Florida officials have agreed to extend water-sharing talks with Alabama and Georgia, reversing an earlier decision to stop negotiations on the Apalachicola-Chattahoochee-Flint River Basin. Both the deadline and the mediation agreement were extended to May 1, 2001, says Doug Barr, who represents Florida in the talks.

Late last year, Florida officials had been prepared to stop negotiations on the water allocation formula for the three rivers. Since then, says Barr, there have been indications that an agreement might still be possible.

"We felt it would be productive to continue discussions," says Barr. "State officials want to make every effort to reach an agreement, keeping Florida's environmental concerns in mind."

Some of the sticking points of the negotiations, he says, center on the operation of federal reservoirs, the duration of the agreement and the flow of water under extreme drought conditions. But, he adds, given the importance of the issue, "it's certainly worthwhile to continue discussions."

Georgia and Alabama already have agreed to a tentative settlement in the other front of the water war - sharing the waters of the Alabama-Coosa-Tallapoosa Basin or ACT. The settlement, however, is contingent on Alabama and Georgia agreeing with Florida on the water-sharing formula for the Apalachicola-Chattahoochee-Flint or ACF River Basin.

In negotiations over the ACT River Basin, which runs from north Georgia to Mobile Bay, Alabama initially had wanted a 50-year agreement. However, Alabama agreed to Georgia's request for a shorter agreement of 30 years due to the difficulties of predicting growth in the region.

The agreement caps the amount of water that could be taken out of the river basin and pumped to the Atlanta area at 75 million gallons per day in the first 10 years, 90 million gallons per day in the second decade and 100 million gallons per day in the final 10 years. This is less than Georgia originally had wanted.

In addition, Georgia could go ahead with plans for a West Georgia Regional Reservoir, but Alabama would be guaranteed a flow of 25 percent of the average annual daily flow out of the reservoir, regardless of the flow into the reservoir. Alabama officials contend this would help Lake Martin on the Alabama side maintain a higher level during droughts and protect recreation on the popular lake.

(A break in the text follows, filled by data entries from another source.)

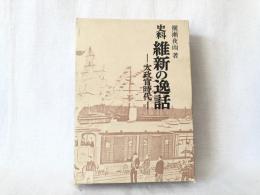 史料維新の逸話 : 太政官時代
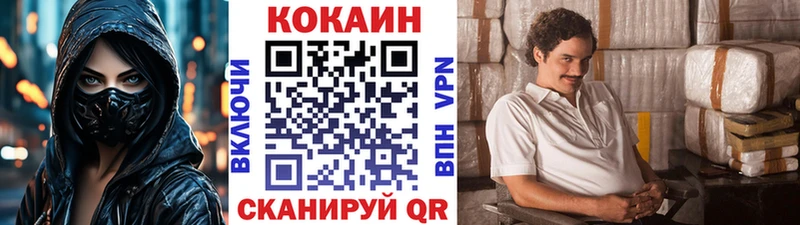 Кокаин Перу  Волжский 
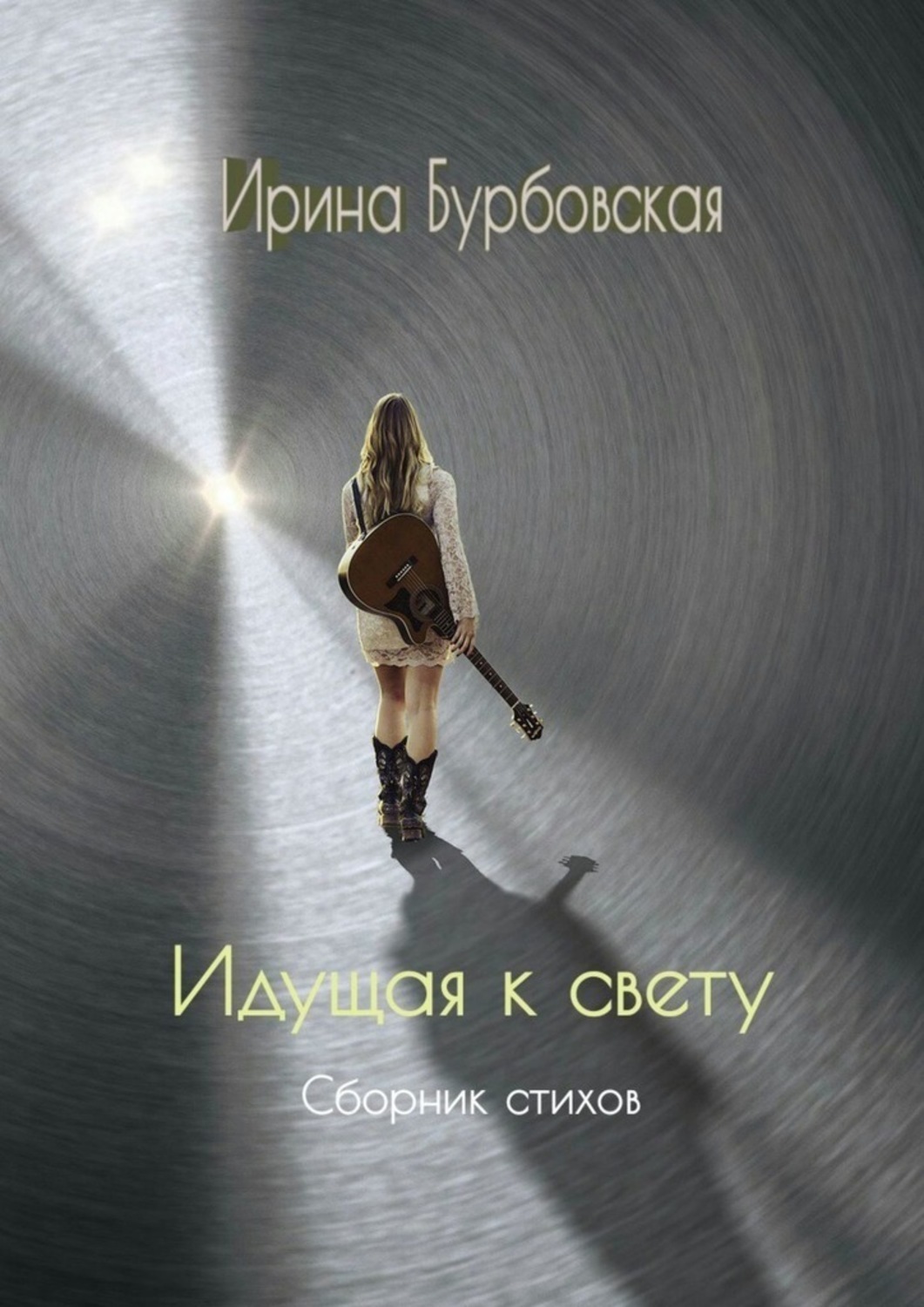 Обложка книги «Идущая к свету. Сборник стихов»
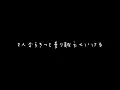 Tani Yuuki    愛言葉（歌詞付き）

Under the tentative plan, the water flow from Georgia on the Coosa and Tallapoosa rivers would be less than normal during the wettest periods and higher than normal in the driest times.

Once the governors of Georgia and Alabama endorse the ACT settlement, it will be sent out for a 60-day public review and comment period. After that, various federal agencies will have 255 days to review the plan. If they reject it, the interstate water compact under which the states have negotiated a settlement will dissolve and the only alternative left to the states will be court action.

Under the two federal interstate water compacts that set the rules for the negotiations, the states give a 14-day public notice before holding a bargaining session. However, the states can meet in emergency sessions to extend deadlines.